Les deux amis, un peu en avant de leur escorte, marchaient pensifs l’un auprès de l’autre, la bride sur le cou de leurs chevaux, et laissant errer un regard distrait sur le magnifique paysage qui se déroulait à leurs yeux.

Déjà les premières maisons du pueblo, gaîment encadrées dans des massifs de floripondios et de vigne vierge, se laissaient voir au tournant de la route.

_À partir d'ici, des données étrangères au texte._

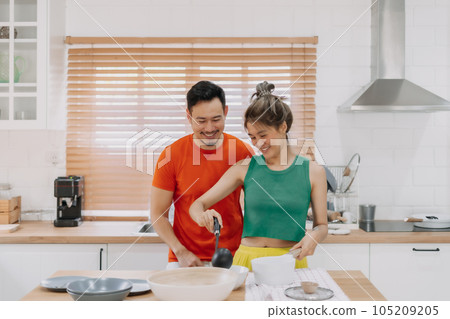 Husband looking at wife who cooking lunch for him. Happy couple in kitchen. 105209205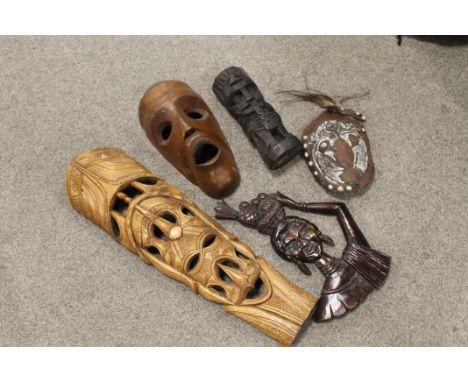 A PAPUA NEW GUINEA CARVED TRIBAL ART SHELL MASK WITH COWRIE SHELLS AND SEEDS, TWO WEST AFRICAN TRIBAL ART MASKS, A CARVED HAR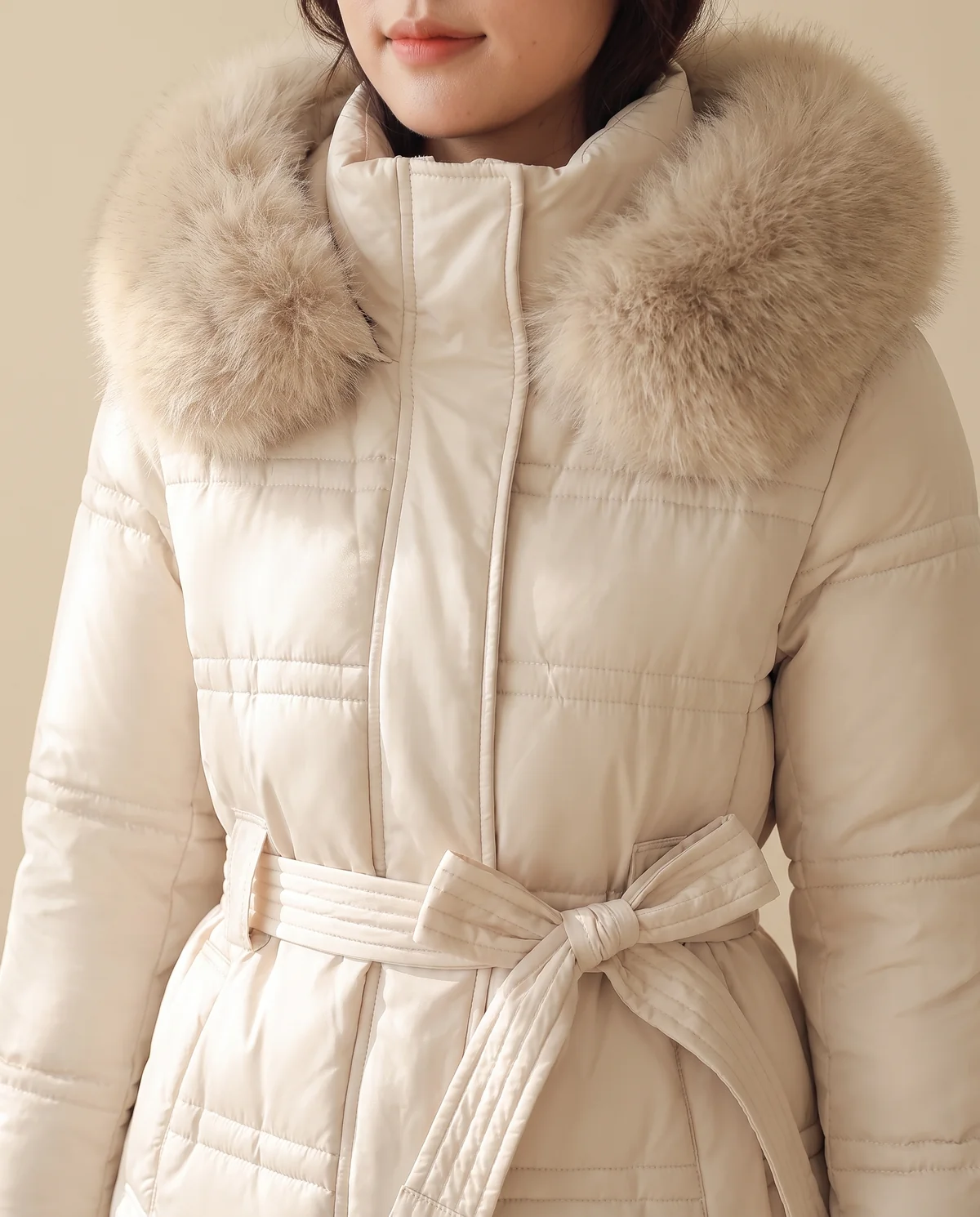 Faux Fur Hood Belted Puffer Coat in Ivory, close-up of the detail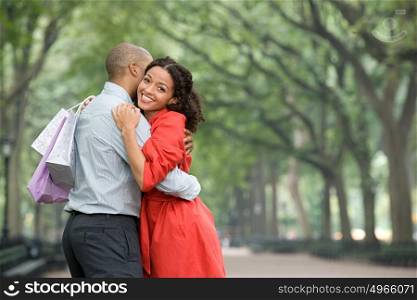 Woman hugging man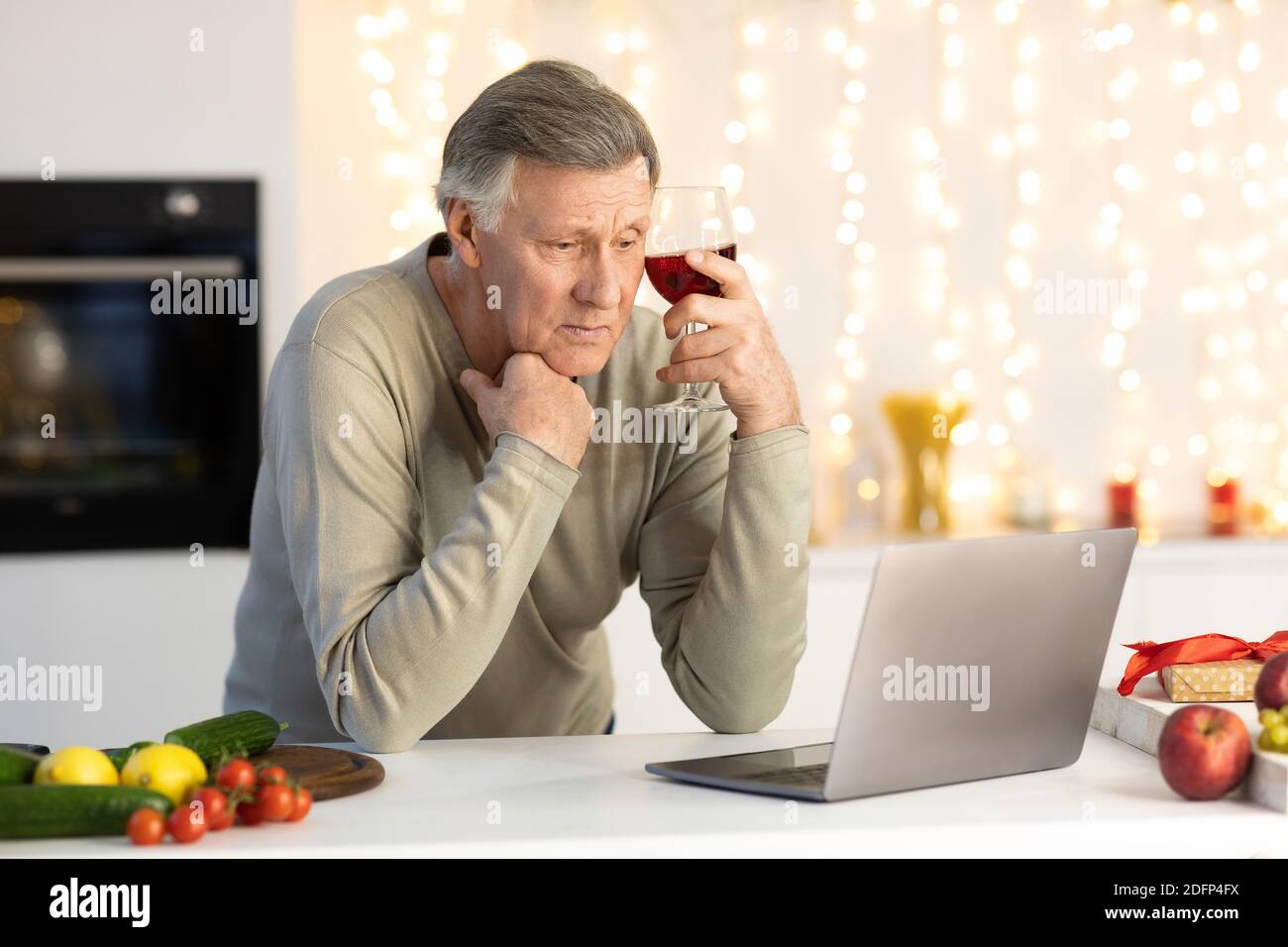 Einsamer Älterer Mann Feiert Weihnachten Allein Bei Laptop In Der Küche Stockfoto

Louis releva la tête :

— Bien ! dit-il, comme se répondant à lui-même, je jure Dieu que cette nuit sera la dernière que le général Guerrero se moquera ainsi de moi ; il est évident que le colonel Suarez ne venait dans mon camp que pour voir par lui-même en quel état nous sommes.

— Pas pour autre chose.

— Où allons-nous donc ainsi ?

— Assister à un combat de coqs.

— Assister à un combat de coqs ? fit le comte avec surprise.

Le Chasseur lui lança un regard significatif.

— Oui, lui dit-il ; tu sais peut-être, et au cas où tu l’ignorerais, je te l’apprends, que les plus beaux combats de coqs ont lieu tous les ans à la Magdalena à l’époque de la fête patronale.

— Ah ! fit Louis avec indifférence.

— Je suis certain que cela t’intéressera, reprit Valentin avec un accent narquois.

Le comte comprit parfaitement que son ami ne lui parlait de cette façon que pour dérouter les oreilles à portée d’entendre, et il se tut, persuadé que bientôt tout s’éclaircirait.